Torres was slow to settle at shortstop in the majors, a position he had played in the minors, but this didn’t stop him still doing a good job offensively. Across his time at second and short, he hit .272 with 6 home runs. One of the many commendable features of his year and also of the season of the other rookie phenom, Miguel Andujar is the way they have been unphased by change. Gregorius’ injury could never have come at a good time, but he was on a hot streak when it did, having hit .303 in August before he had to be removed from the line-up.

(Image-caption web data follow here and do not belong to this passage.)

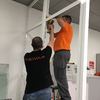 Montaje de mamparas de aluminio en oficina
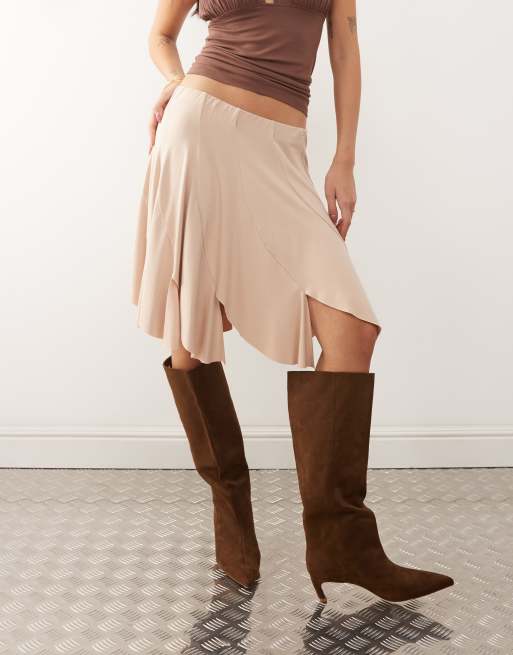 Susmie's – Jane – Midirock mit asymmetrischem Saum und niedrigem Bund in Braun, 3 von 5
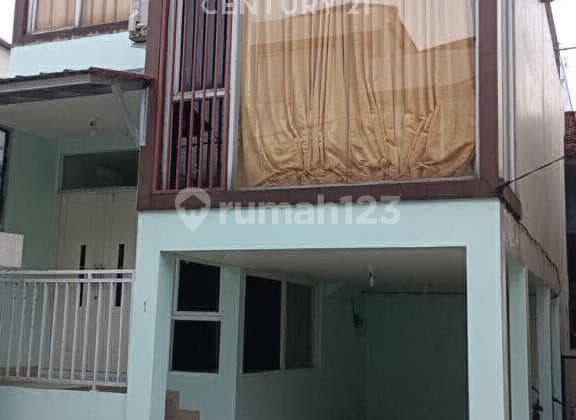 Rumah 2 Lantai Asri dan Nyaman di Pusat Kota Bogor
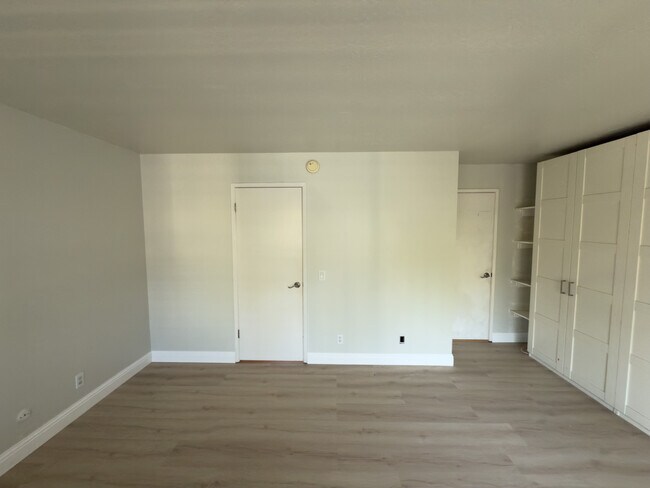 Building Photo - 3322 Santa Rita Rd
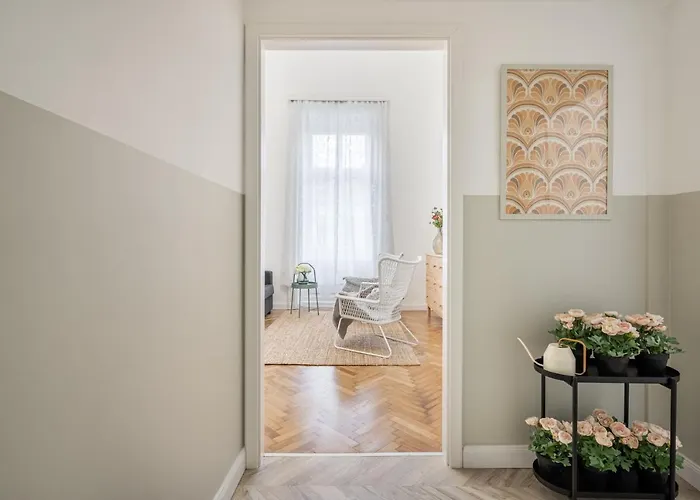 Atmos Glare * Budapest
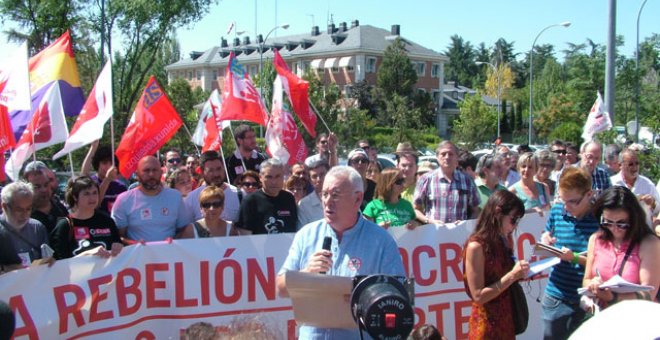 Lara pide la "derrota del Gobierno" a las puertas del palacio de la Moncloa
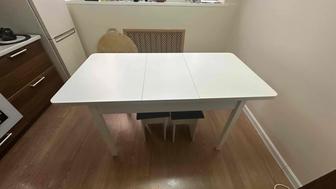 Стол для кухни и встречи гостей.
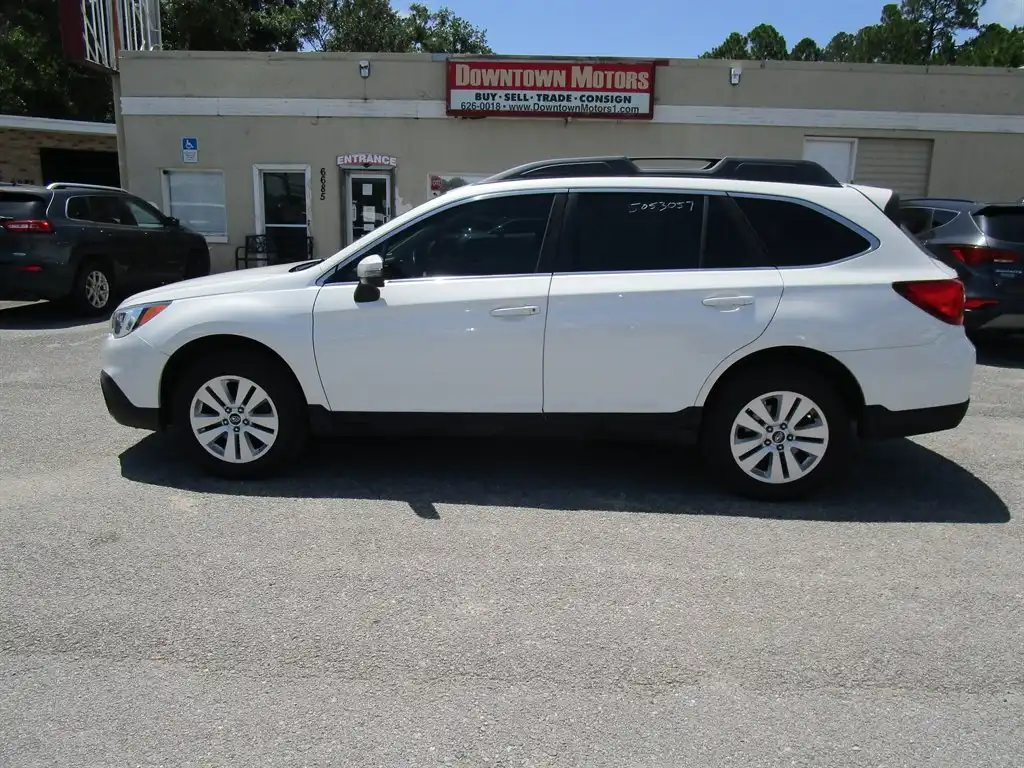 2017 Subaru Outback 2.5i Premium's photo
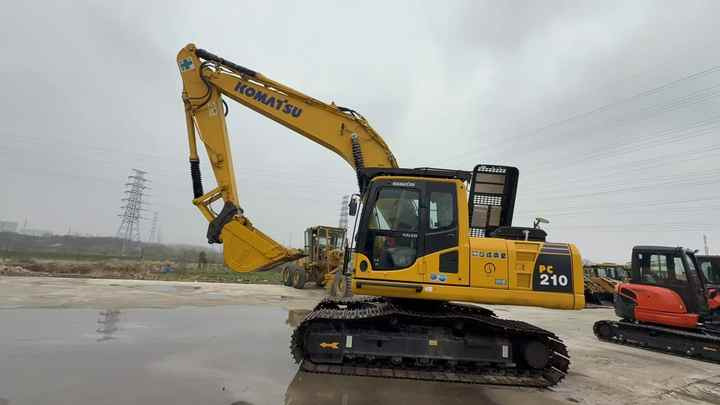 Used Good Quality Japan Original PC210-8 in Good Condition PC210-8 Komatsu - Гусеничний екскаватор: фото 5 Used Good Quality Japan Original PC210-8 in Good Condition PC210-8 Komatsu - Гусеничний екскаватор: фото 5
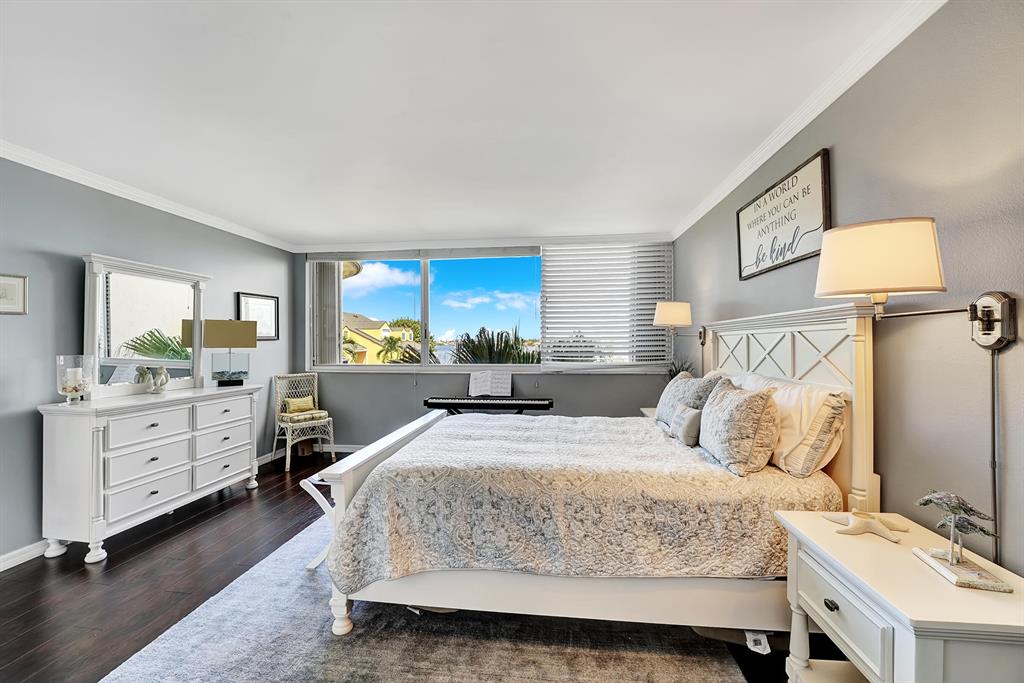 LAKESHORE COLONY I CONDO - Residential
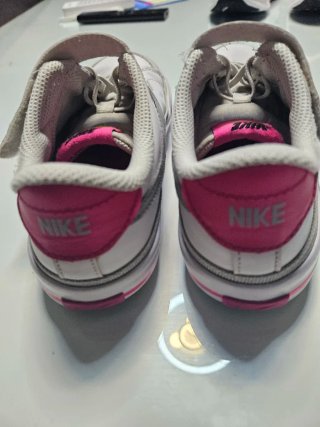 Zapatillas Nike Blancas numero 33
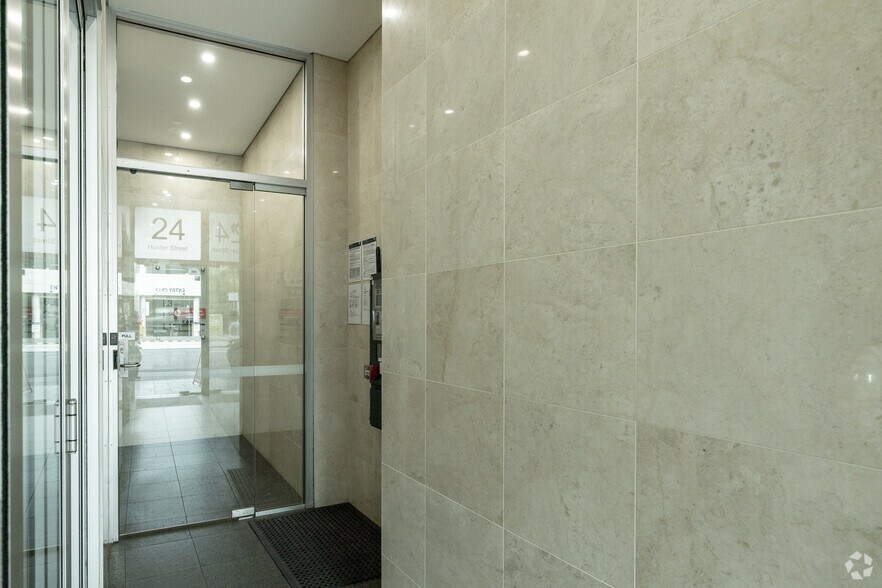 24 Hunter St, Parramatta à louer - Hall d’entrée - Image 3 de 3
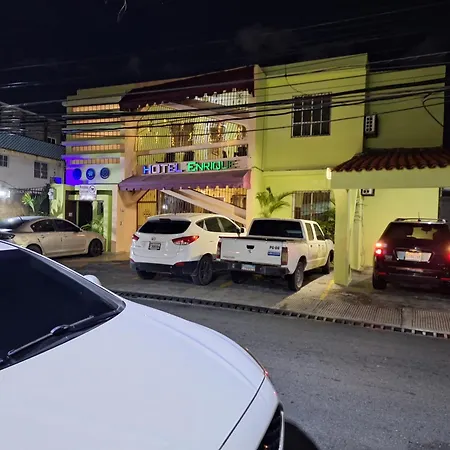 Hotel Enrique Gazcue Bed Breakfast And Parking-3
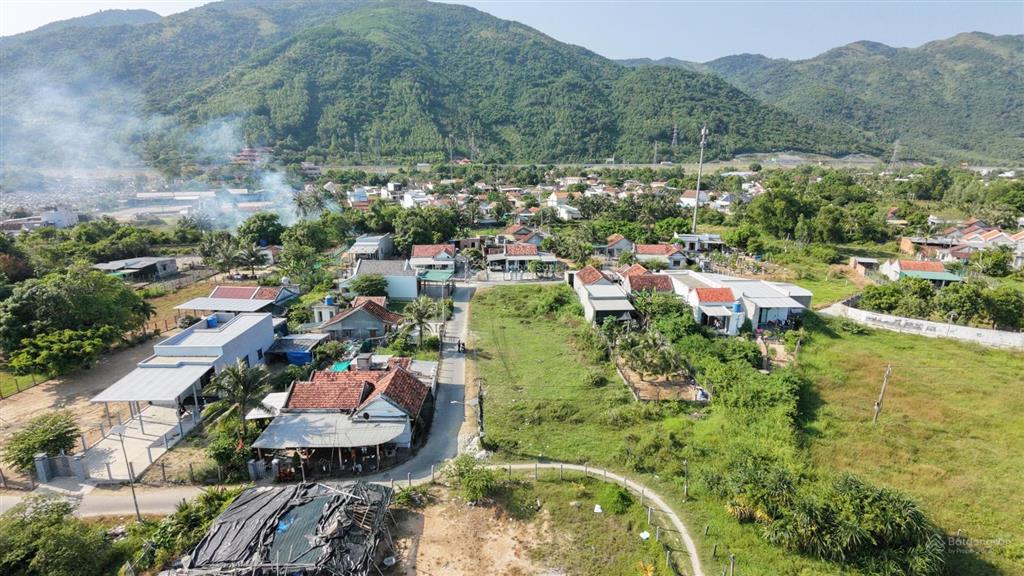 Pk8 lô đất hơn 1.000m full thổ cư, làm phân lô rất đẹp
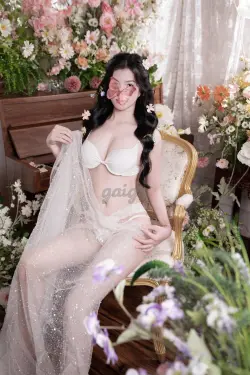 *BÉ THẢO VY DÁNG NGƯỜI NHỎ NHẮN-XINH XẮN-ĐÁNG YÊU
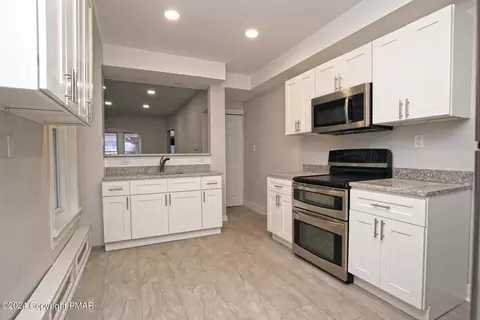 516 Spring Garden St, Pottsville, PA 17901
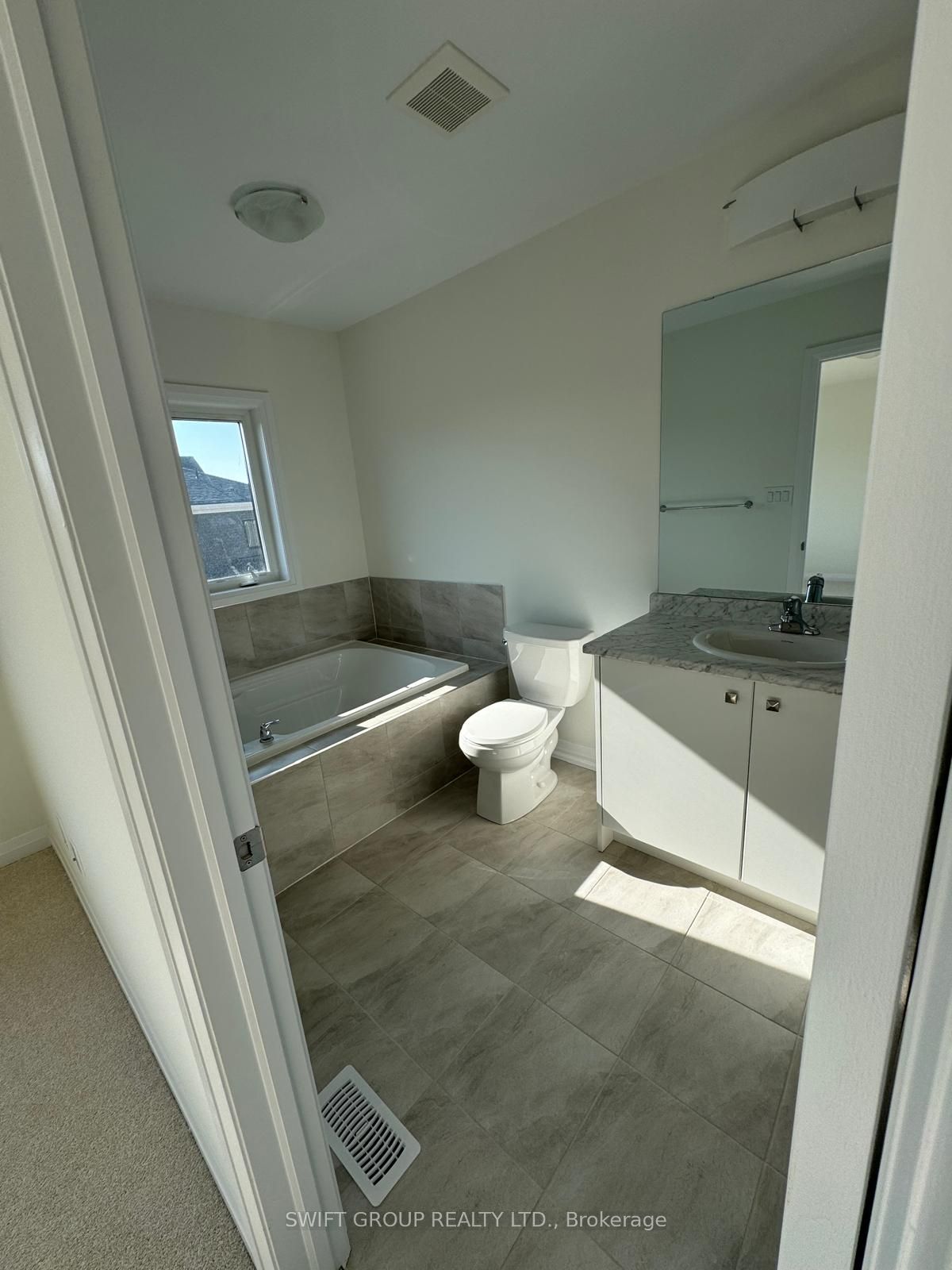 123 Granville Crescent Property Photo 12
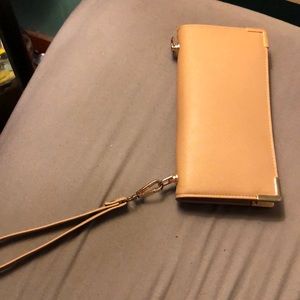 Wristlet barley used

Andujar was in the line-up every day although he was used at DH on a few occasions and was spelled by Walker. He led the team amongst regulars in batting average and also in homers whilst being second to Giancarlo Stanton in extra base hits 17 to 18. His defense can use some improvement on occasions but he is delivering pretty much everything the team could ask of him.
Tyler Wade spent all of two days in the majors, at the beginning of the month, but didn’t see any game action.
With Aaron Judge, Jacoby Ellsbury and Clint Frazier all unavailable, the Yankees were a little stretched for outfield cover. In addition, Giancarlo Stanton was carrying a niggling hamstring problem which meant he was better suited to DH duties than rightfield as he bravely fought to avoid joining his colleagues on the DL.
One unexpected factor was Shane Robinson, who had played a little in April and was recalled in late July. He was to play a far more significant role in August, being the most used player in rightfield whilst also seeing a little time at the other two outfield positions. His solid defense and versatility was very much an asset, but the extended playing time only served to show up his shortcomings at the plate. He hit only .098 in August with only one extra base hit, leading to the Yankees experimenting with Neil Walker at the right-field wall, who did adequately while adding another item to his resume.
Leftfield, as expected, was Brett Gardner who also played one game in centre. Gardner is struggling offensively and hit only .209 in August, but his 9 extra base hits were welcome.
Aaron Hicks continued to be resident in centre-field and hit an acceptable .243 BA on the month whilst adding another 6 home runs to his total for the season.
Because of his nagging injury, Giancarlo Stanton spent more time than normal in the DH role and only 9 games in right-field. In the circumstances, his .267 BA with 9 doubles and 9 homers might be regarded as commendable. Andujar, Voit and Hicks were used at DH when Stanton was playing in the field.